Si Saint-Denis est la « ville des rois » pour les touristes, elle est aussi la ville de ceux et celles qui les ont fait tomber, ont mis fin à l’Ancien régime et ont choisi de baptiser leur ville Franciade. Si elle est la ville de la Basilique, elle est aussi celle de la Bourse du travail construite en 1983 mais héritant de la longue histoire du mouvement ouvrier depuis la fin du XIXe siècle et de celle d’organisations syndicales comme la CGT (Confédération Générale du Travail), ou politiques comme le Parti Communiste qui en avait fait un bastion de la fameuse Banlieue rouge et de la culture populaire. Si elle est la ville de Doriot, elle est aussi la ville d’Auguste Gillot, maire communiste de Saint-Denis après la Guerre et membre du Conseil National de la Résistance à l’origine notamment de la création de la Sécurité sociale. Si la ville prétend être aujourd’hui celle de la culture, ce n’est pas celle d’une culture embourgeoisée, lisse et proprette mais celle d’une culture populaire vivante, qui dérange, qui gueule et crie la révolte dans les années 1980-1990, c’est celle du hip-hop, du rap, de NTM (Nique Ta Mère), du tag et du graffiti.
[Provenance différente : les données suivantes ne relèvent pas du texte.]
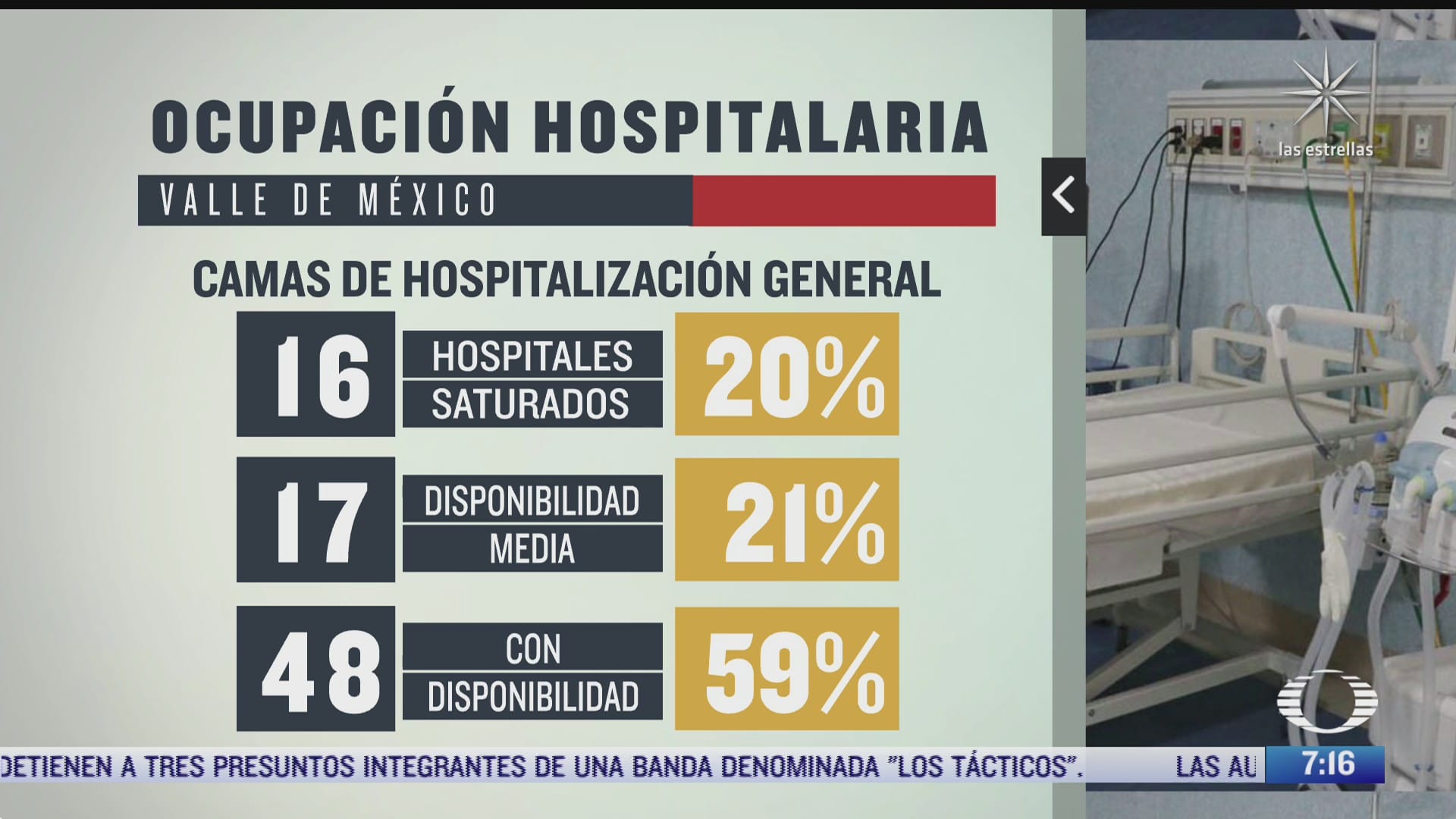 como esta la ocupacion hospitalaria por covid 19 en cdmx y estado de mexico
Alors non, les pauvres ne sont pas heureux ! Ou quand ils et elles le sont, c’est dans le combat car ils et elles retrouvent alors une part de leur dignité, dans le partage d’un bon repas autour d’un piquet de grève ou d’une mobilisation ; c’est quand ils et elles reprennent leur destin en main et obtiennent une amélioration de leurs conditions de vie par leurs propres actions et leurs propres sacrifices ; c’est dans l’occupation de leur espace, dans la réappropriation de la rue. C’est dans l’action et non dans l’acceptation de la fatalité que les pauvres peuvent être heureux.
La volonté de nier cette histoire populaire, cette histoire de la révolte est aujourd’hui forte dans notre ville. Hier, le beffroi et le carillon de la Maison communale rivalisaient d’orgueil avec les cloches et le clocher de la basilique. Aujourd’hui, cette affiche placardée face à la mairie, sans réaction aucune de celle-ci, révèle peut-être que les cloches et le carillon peuvent désormais sonner à l’unisson pour étouffer les cris de révolte dans un paternalisme assourdissant.

Alors que je reprenais mon chemin, j’ai alors croisé une habitante de Saint-Denis et également agent.e municipale. Elle était livide, le regard perdu. Je la salue, elle réagit à peine. Je reviens vers elle et lui lance un « ça va ». Elle me raconte alors qu’elle ne trouve plus le sommeil depuis plusieurs jours, depuis qu’un maire, qui a certainement oublié ce que « socialisme » signifiait, a décidé de lancer une énième réforme libérale consistant à externaliser le ménage dans les écoles communales et à faire le ménage dans les équipes.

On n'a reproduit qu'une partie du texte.